When you meet someone new, you reveal things in the most unnatural way: you say them. In a relationship, you get to know someone through time and then understand what kind of person s/he is; but at first, it’s simply a tell-all. But how honest are the things that you’re saying? And if they are dishonest, are you lying to them, or to yourself?
In the beginning, you work hard to make a good first impression for your partner, but it’s also a chance to make a new impression for yourself. You’re an uptight woman who lives rigorously by a schedule, but now you can be a care-free girl who seizes each day; or you’re a sleazy man who hasn’t had any real relationships, but you can say that you’re a romantic, one-woman-at-a-time kind of guy, and not only can you say it, but you can also try to believe it. Is any of it true? No, because eventually you’ll fall back into your regular ways and your actions will contradict your words. The beginning’s only a fantasy.
Each time a relationship fails you try to find something better for the next one, but it seems that you also work on making yourself better. You collect issues that others have with you and you try to avoid having them again. Automatically, you have expectations to be a different person. You tell lies and fabrications, not to seduce someone into bed but really to seduce yourself into wanting to be with you. You say things because you wish they were that way, and you want another person to believe them about you as well. But of course, through the natural way of revelation, both of you will understand that they were just lies.

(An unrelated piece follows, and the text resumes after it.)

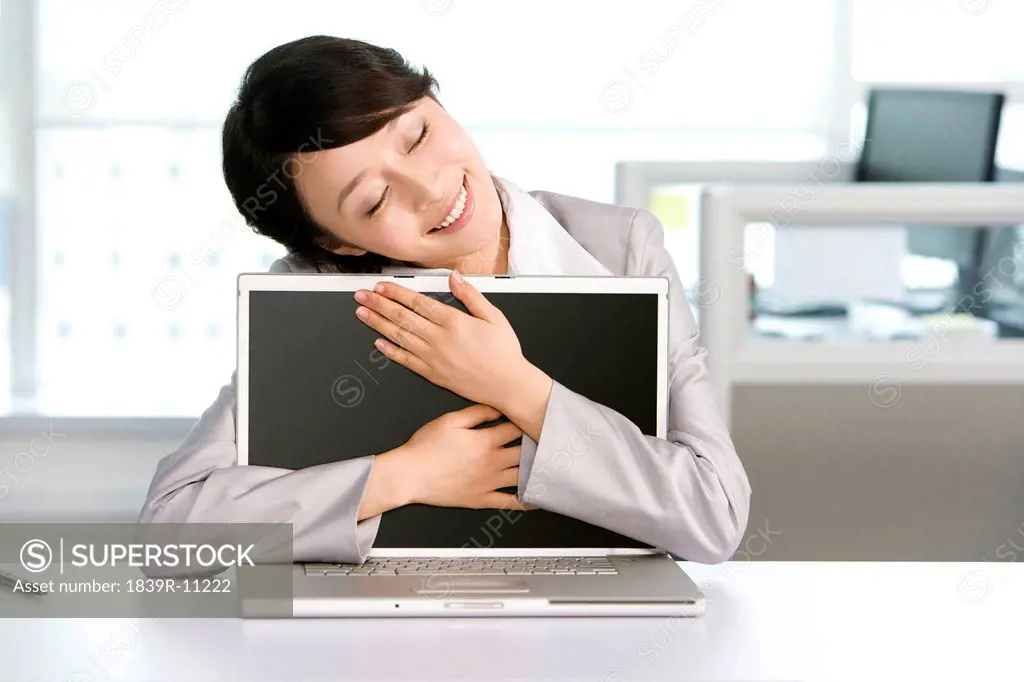 Office worker hugging her computer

Sexual relationships are usually the most intimate for people and in those relationships their real selves are exposed. The vulnerability of that is enough to make people want to pretend that they’re someone better, but it’s even more motivated by the fact that they have the chance to say that they’re someone else.
Everyone pretends in the beginning, either by flat out lying or by omitting certain facts, but eventually it all comes out and the real person will show through. Perhaps your partner will not like that person, so though the temptation is there, it’s always better to avoid saying things about yourself that aren’t actual realities.